Different providers may present very different pricing models, and it is important to understand how their approach will impact your organization's objectives. One common cost model is to price on metered load. This method can appear to be less expensive at the outset, but as your organization adopts new methods of managing data, or if your data use intensifies, you may need more equipment, thus driving your power requirements up. During the evaluation process, standardize the responses potential providers give you. The best way to do this is to compute the costs per kilowatt of IT load. 

5.  Scalability

The needs of every business are subject to change over time. As those needs changes, you’ll want a colocation provider that can grow with you. Look for a provider who is implementing new facility design elements and is capable of deploying higher-density configurations within your existing footprint. Colocators already integrating proven technologies that can increase power and cooling capacities and support higher density rack configurations are the ones ready to evolve with your company.

6.  Landlord

Colocation providers require a multi-year commitment, so you are in essence partnering with the company you select. That means you should want all the same qualities in your landlord that you would want from any other investment relationship. Financial stability is key, and you should look for that in your colocation provider. You will also want to be able to access your colocation facility as easily as your main headquarters. Help when experiencing any access or network problems should be available 24/7/365 and just a phone call away.

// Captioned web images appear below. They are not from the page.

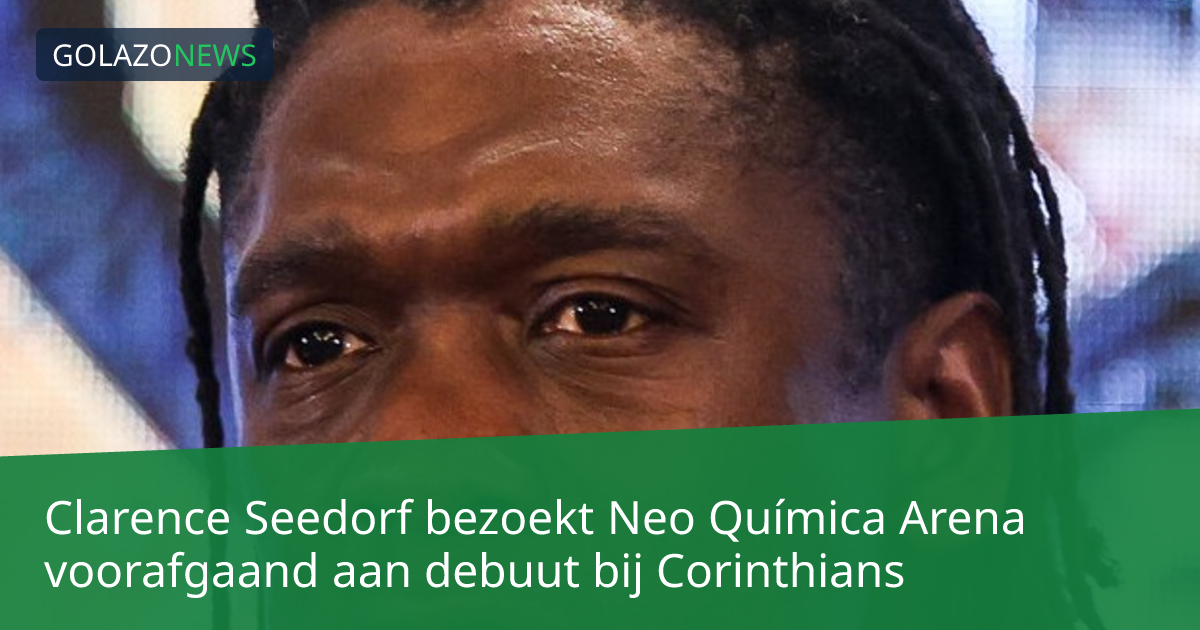 Clarence Seedorf bezoekt Neo Química Arena voorafgaand aan debuut bij Corinthians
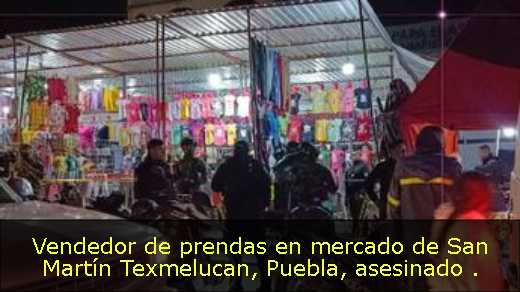 Vendedor de prendas en mercado de San Martín Texmelucan, Puebla, asesinado 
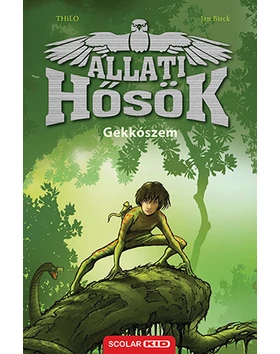 Gekkószem (Állati Hősök 3.)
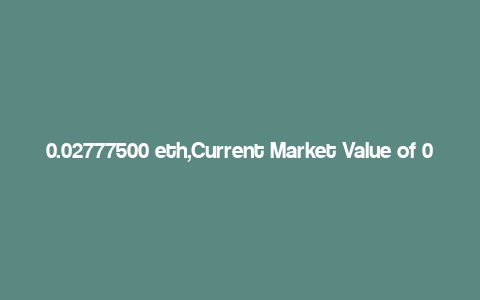 0.02777500 eth,Current Market Value of 0.02777500 ETH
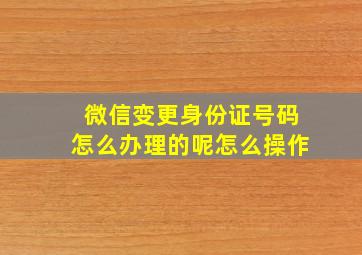 微信变更身份证号码怎么办理的呢怎么操作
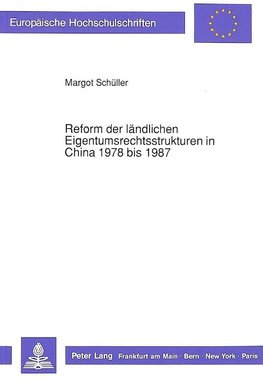 Reform der ländlichen Eigentumsrechtsstrukturen in China 1978 bis 1987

Check references and do your research. Like with any other healthy business relationship, you not only want to partner with a trustworthy company, but also one that is a leader ready to augment your business. The data industry is changing at an exponential rate, and a landlord that has a reputation for leadership could help connect your business with new customers and partners.

Recap

Your company’s colocation data facility choice is just as critical as the data you’ll house there, and the services your landlord provides can affect the health of your IT assets in the long term. Remember these factors in vetting out your colocation selection, and choose a company that can partner with you to handle your long term needs:

  • Location
  • Security
  • Reliability
  • Pricing
  • Scalability
  • Landlord
Joining the right colocation facility should support, not be detrimental to, your IT requirements. It should provide your company with greater reliability, an on-site specialized engineering staff, low latency, higher bandwidth for lower costs, and potentially lead to new business connections.